U.S Federal Reserve taper affects Asian markets
The U.S Federal Reserve has reduced its monthly bond purchases by $10bn again this month, bringing the economic stimulus down to $65bn. The overnight interest rate remains unchanged from its 2008 level of 0%.
This slowly brings the Federal Reserve policies back to normal following a period of delay implemented to protect economic instability. The process quantitative easing in which U.S economic stimulus is gradually tapered won’t be complete until June or July 2014 and if the Federal Reserve continues at this cautious rate. Following this the U.S central bank is expected to increase its own interest rate.
Emerging markets have been hit the hardest by the impact of quantitative easing. An increase in global interest rates as a result of the economic stimulus taper will lead investors away from emerging economies which previously offered higher returns, and back towards U.S markets. Moving money from emerging countries to the U.S involves selling the currency which consequently decreases its value.
The Federal Reserve supported its decision to continue with its reduction in bond buying, stating that there had been “improvement in economic activity and labour market conditions… consistent with growing underlying strength in the broader economy”. However, the global reaction to its tapering will be observed and influence whether or not a further reduction of $10bn is approved in March.

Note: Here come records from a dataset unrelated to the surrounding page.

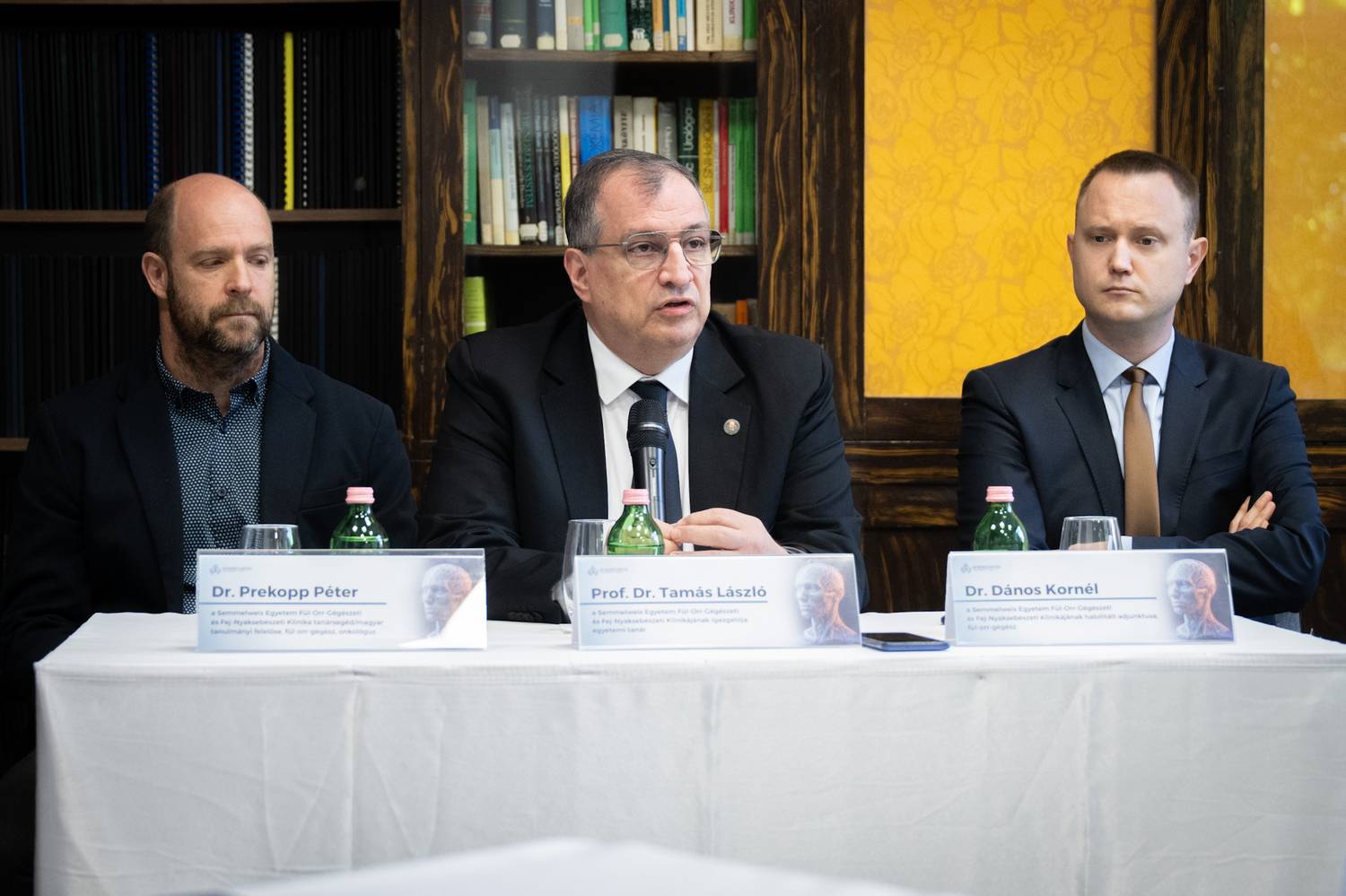fej-nyaki-daganatok-magyarorszag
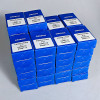 50pcs,Good quality Injector Piezo Valve F00GX17005 for 0445116 0445117 Series Piezo Injectors，F00GX17004 FOR 0445115 SERIES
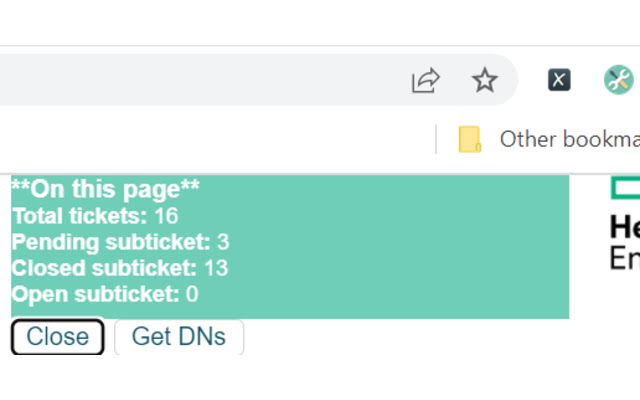 Easitool Tools from Chrome web store to be run with OffiDocs Chromium online Easitool Tools from Chrome web store to be run with OffiDocs Chromium online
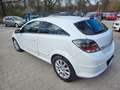 Opel Astra H GTC Edition Weiß - thumbnail 8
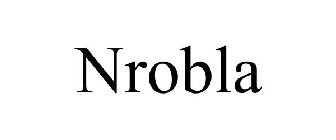 NROBLA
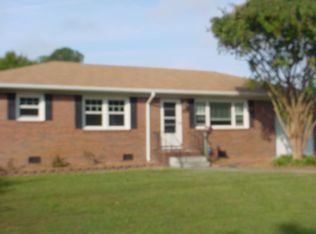 785 Meade Ln, Virginia Beach, VA 23455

Asian markets in particular have been affected badly by the U.S stimulus taper, suffering significant losses as the reductions continued for a second consecutive month. Countries including India, Argentina, South Africa and Turkey unexpectedly boosted their interest rates last week to try and inject some confidence in inward investment, but emerging markets such as these remain vulnerable.
Japan’s Nikkei 225 index has fallen 3%, Hong Kong’s Hang Seng by 1.4%, and Australian stocks by 1% as investors turn to higher rated assets such as gold and sovereign bonds.
While the tapering is a positive sign for the U.S economy as it denotes greater economic strength and reduced unemployment, the effect on the rest of the world is less than advantageous. New Federal Reserve chair Janet Yellen must decide how to go forth in this extremely volatile environment to reduce the global economic impact of the process.